Il corridoio che usciva dall’anticamera era sgombro. Con mani tremanti raccolse la radio, la tanichetta dell’acqua e la borsa dalla scrivania della segretaria; agganciò il manico del contenitore alla cintura e si gettò la borsa a tracolla. — Gesù! Gesù! — sussurrò. Corse via per il corridoio, con la tanichetta che le batteva su una coscia, e spalancò la porta delle scale. — Giù! — ansimò. — Giù, giù, giù! — Avrebbe dovuto fuggire da quel grattacielo. Se ai piani superiori c’erano cose di quel genere non aveva scelta. I suoi stivaletti ticchettarono rapidamente giù per le scale. Ad un tratto la borsa le s’impigliò nella ringhiera e si spaccò da cima a fondo: cracker e scatolette e brioches volarono sugli scalini. Un vasetto andò in pezzi, e una confezione di prugne secche rimbalzò e rotolò fin sul pianerottolo inferiore.

Lei esitò, corse a raccogliere le prugne, e nel girarsi vide il muro:era coperto da uno strato di sostanza bianca e marroncina. Lentamente, a occhi sbarrati, girò lo sguardo sulla ringhiera. Filamenti biancastri stavano risalendo lungo di essa, tortuosi e oscillanti, ed altri avanzavano sulla porta e sul muro esterno.

— No! — gemette. — Maledetti, no! Lasciatemi stare, lasciatemi andare via da qui! — Ciecamente si gettò contro la ringhiera e colpì i filamenti con i pugni chiusi, spellandosi e graffiandosi le dita. Il suo volto era rigato di lacrime. — Non toccatemi! Andatevene! - gridò. Ma il lenzuolo marroncino continuò a muoversi verso di lei.

Doveva salire. Qualunque cosa ci fosse più in alto doveva rischiare. Colpire quella roba con la scopa era un conto, ma camminarci in mezzo… no, questo sarebbe stato troppo per lei, avrebbe finito col farla impazzire.

Raccolse tutto il cibo che poteva e se ne riempì le tasche. Nel ristorante doveva pur esserci qualcosa da mangiare.

— Non voglio neppure pensarci! — disse a se stessa, e continuò a ripeterselo più volte. Ma non si riferiva al cibo che in quel momento era l’ultima delle sue preoccupazioni. Ciò che non voleva pensare era quel che avrebbe fatto dopo essere arrivata in cima al grattacielo.

Quel mare di sostanza sottile color cuoio aveva evidentemente deciso di sommergere l’intera città, perfino gli ultimi piani del World Trade Center.

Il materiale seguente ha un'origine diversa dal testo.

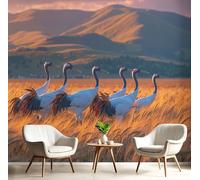 Wall Murals, Wheat Field Red-Crowned Cranes Landscape Animals Photo Wallpaper, 450x315cm Large Photo Wallpaper Golden Yellow Poster for Living Room Bedroom Restaurant Office Background Decorative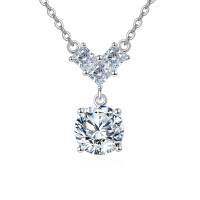 wholesale 925 Sterling Silver Elegant Moissanite Heart Pendant Necklace In Plated with White Gold/silver – Luxury Jewelry Gift-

E questo avrebbe lasciato molto poco spazio per Suzy McKenzie.

XXXI

Volgendosi verso il sole nascente April Ulam si fece schermo agli occhi. I generatori a vento di Tracy erano silhouette possenti contro l’arancione del cielo, e le pale ancora in movimento continuavano a mandare energia elettrica alla stazione di servizio dove i gemelli avevano rifornito il furgone. La donna fissò John e annuì senza parlare: sì, proprio così, quello era un altro giorno. Poi entrò nel piccolo negozio di alimentari a dirigere le scelte di Jerry che era entrato in cerca di cibo.

John stabilì che era molto più dura e decisa di quel che sembrava. Pazza o no, lui e il fratello pendevano dalle sue labbra. Avevano trascorso la notte lì al distributore, esausti benché non si fossero allontanati che di una quarantina di chilometri da Livermore. La sera prima avevano deciso di prendere la statale al centro della valle. Era stata April a suggerirlo, dicendo che sarebbe stato meglio evitare le zone un tempo molto popolate. — A giudicare da quanto è successo a Livermore — aveva detto — dobbiamo cercare di non cacciarci in trappola a San Josè o in posti simili.